Is there anyone with a sound mind who will try to defend this?
This time, Daniel McClaine, Jr., a freshman at Poston Butte High School in Tan Valley, Arizona, made the mistake of setting a picture of a gun as the desktop background on his school-issued computer.

The picture shows an AK-47 lying on a flag, reports KNXV-TV. The gun isn’t his, McClaine assured the ABC affiliate in Phoenix.
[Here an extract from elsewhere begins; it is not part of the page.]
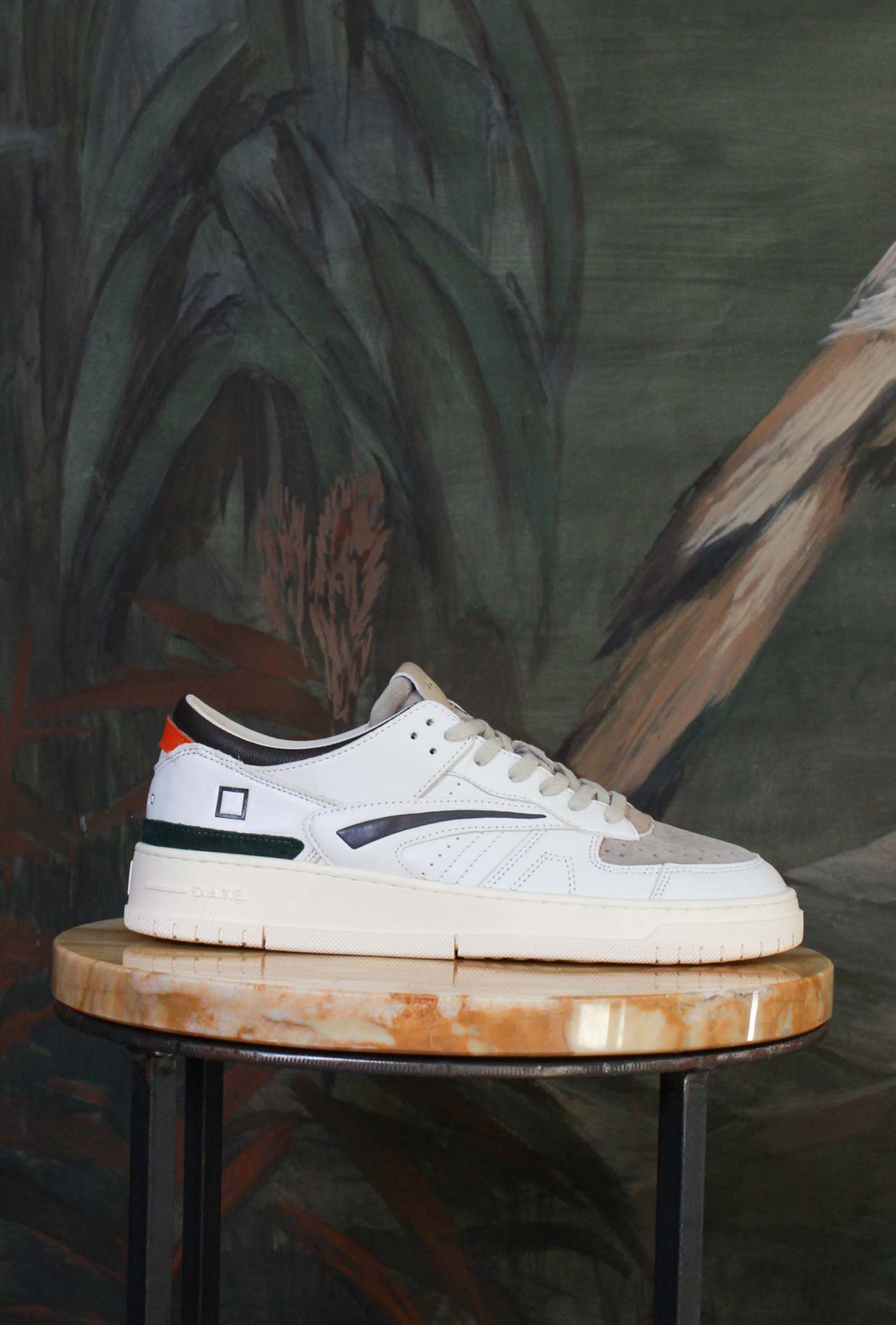 Sneakers Torneo di D.A.T.E. City-style 90s luxury a design Colored White-Testa di Moro pelle white  sporty-chic fall-Winter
He found it on the Internet and liked it, partly because he is interested in serving in the military after graduation...

This incident is the latest in a growing line of extraordinarily strong reactions by school officials to things students have brought to school — or talked about bringing to school — that are not anything like real guns.
At D. Newlin Fell School in Philadelphia, school officials reportedly yelled at a student and then searched her in front of her class after she was found with a paper gun her grandfather had made for her. (RELATED: Paper gun causes panic)

In rural Pennsylvania, a kindergarten girl was suspended for making a “terroristic threat” after she told another girl that she planned to shoot her with a pink Hello Kitty toy gun that bombards targets with soapy bubbles.

At Roscoe R. Nix Elementary School in Maryland, a six-year-old boy was suspended for making the universal kid sign for a gun, pointing at another student and saying “pow.” That boy’s suspension was later lifted and his name cleared. (RELATED: Pow! You’re suspended, kid)

In Sumter, South Carolina, a six-year-old girl was expelled for bringing a clear plastic Airsoft gun that shoots plastic pellet to class for show-and-tell. The expulsion was later revoked.
As the Instapundit alluded to, why aren't the adults practicing the "critical thinking" skills that they like to think they're teaching the children?

2 comments:

maxutils said...

As ridiculous as I personally find this ... it was school issued. Don't they get to set standards? Even stupid ones?

Anonymous said...

was it clear that a picture of a gun was a suspension offense?